Remix to Rio is a 2010 Canadian documentary depicting young people from Toronto, Canada and Rio de Janeiro, Brazil as they create community outreach projects aimed at rescuing their peers from lives of crime.

Description
This film follows Canada’s innovative youth outreach organization, The Remix Project as they travel to some of the most violent favelas in Rio de Janeiro and test their unique hip-hop outreach model on some of today’s most “unreachable” youth.

Remix Project co-founders Gavin Sheppard and Drex Inkredible join forces with "Sandro", an Ex-drug lord turned activist and Soldiers Never More project founder "Farina" in hopes of constructing a recording studio for disadvantaged youth in the Favela known as “The Enchanted Land” (Tera Encantada).

Gavin and Drex also bring four of their most hopeful students to Rio. The HUTUZ Hip-Hop festival, Latin America’s largest Hip-hop festival, is in full swing and sets the scene for these REMIX participants to test their skills.  The culture shock the Remixers experience and the perspectives they gain change their perspectives on poverty and redefine their personal circumstances at home.

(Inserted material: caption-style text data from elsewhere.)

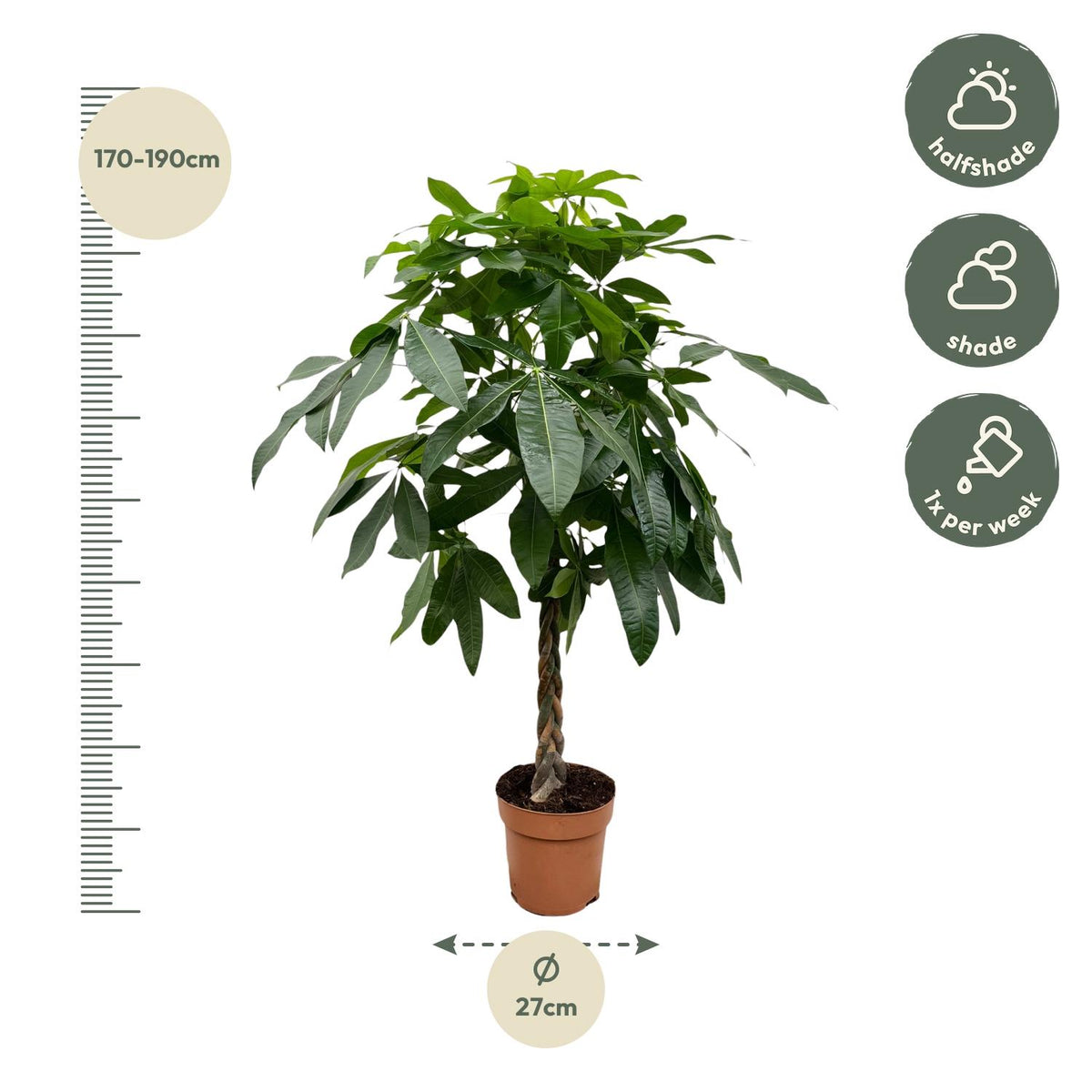 Pachira aquatica (geldboom) – Ø27 cm, 160 cm hoog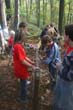 BILD1 (57)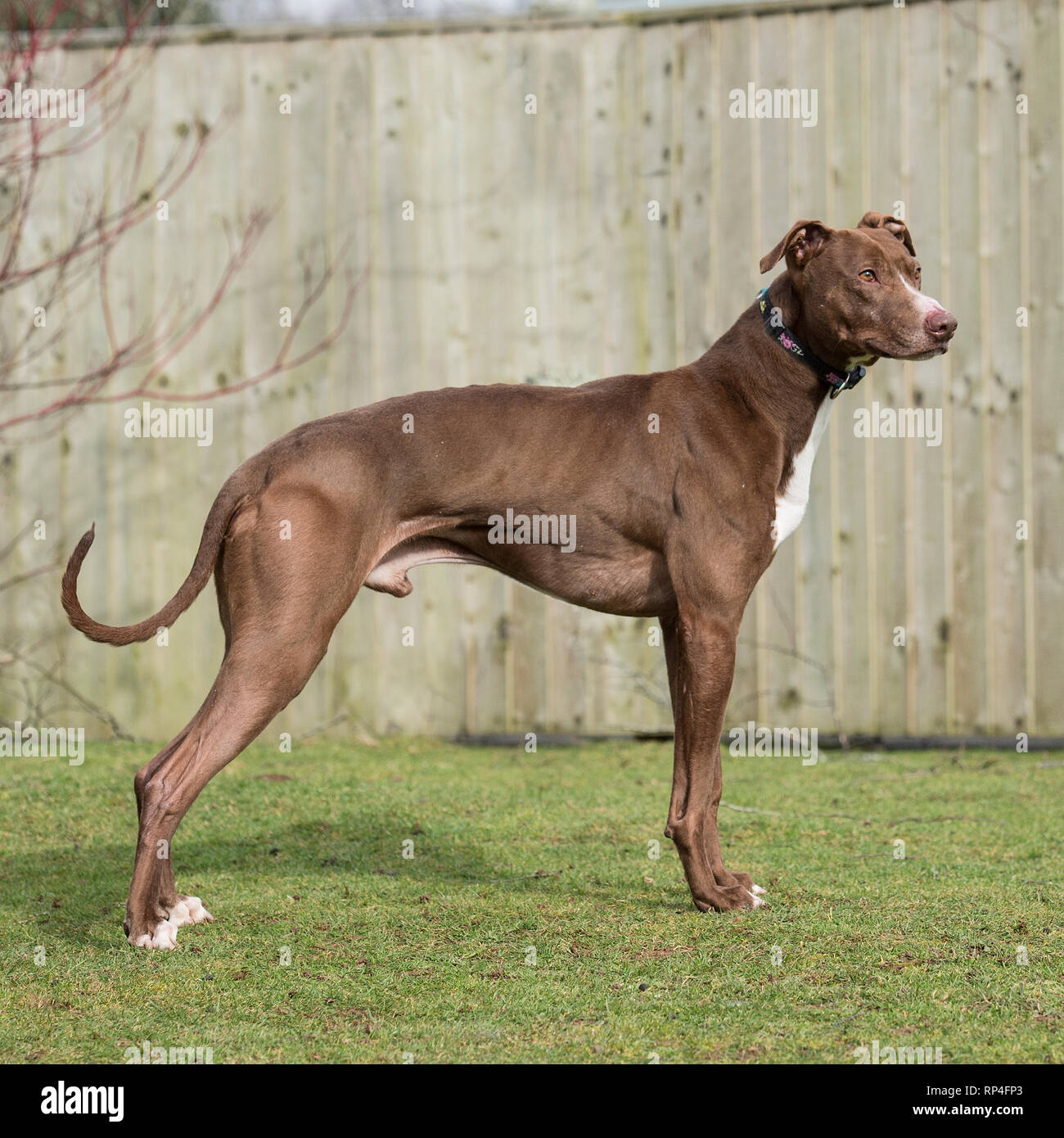 bull lurcher Stock Photo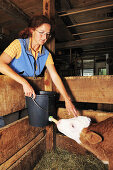 Woman feeding calf with milk, Upper Bavaria, Bavaria, Germany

As the hip-hop concert at HUTUZ approaches the Remixers decide to enlist the help of some young drummers from a local music outreach program from the notoriously violent neighborhood of Vila Aliança.  As rehearsals progress an unexpected bond is formed between these little drummers and the Remixers themselves. It is through these enthusiastic new friends that the Remix crew discovers the real challenges and brutal violence facing the youth in Rio today.

The film was Directed and Produced by Ravi Steve Khajuria.

The film features music performed by Remix Project participants.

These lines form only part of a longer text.